→ **Information shown**
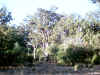IMG_0002.JPG (162444 bytes)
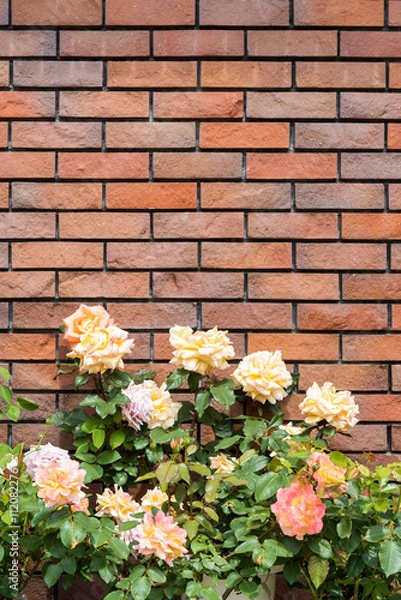 Obraz バラ, レンガ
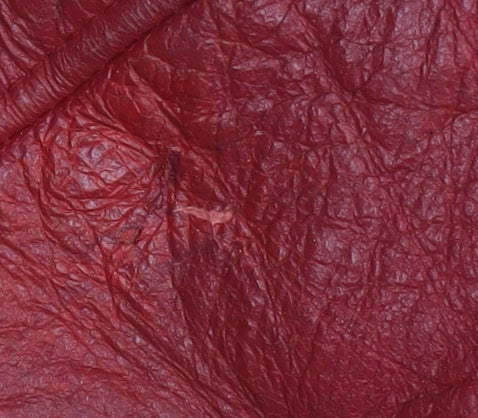 Walter Darrucci Women's Red Biker Jacket 2XS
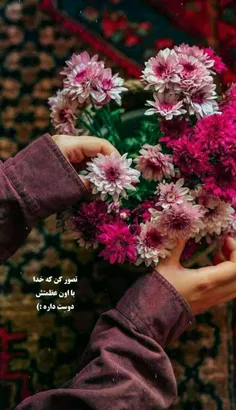 🌹عکس های ناب وزیبا🌹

→ **What is needed**
Output each line of the listing above, word for word, from the one holding "Obraz バラ, レンガ" through the last line, both included; omit the pictures.

→ **Solution to this task**
 Obraz バラ, レンガ
 Walter Darrucci Women's Red Biker Jacket 2XS
 🌹عکس های ناب وزیبا🌹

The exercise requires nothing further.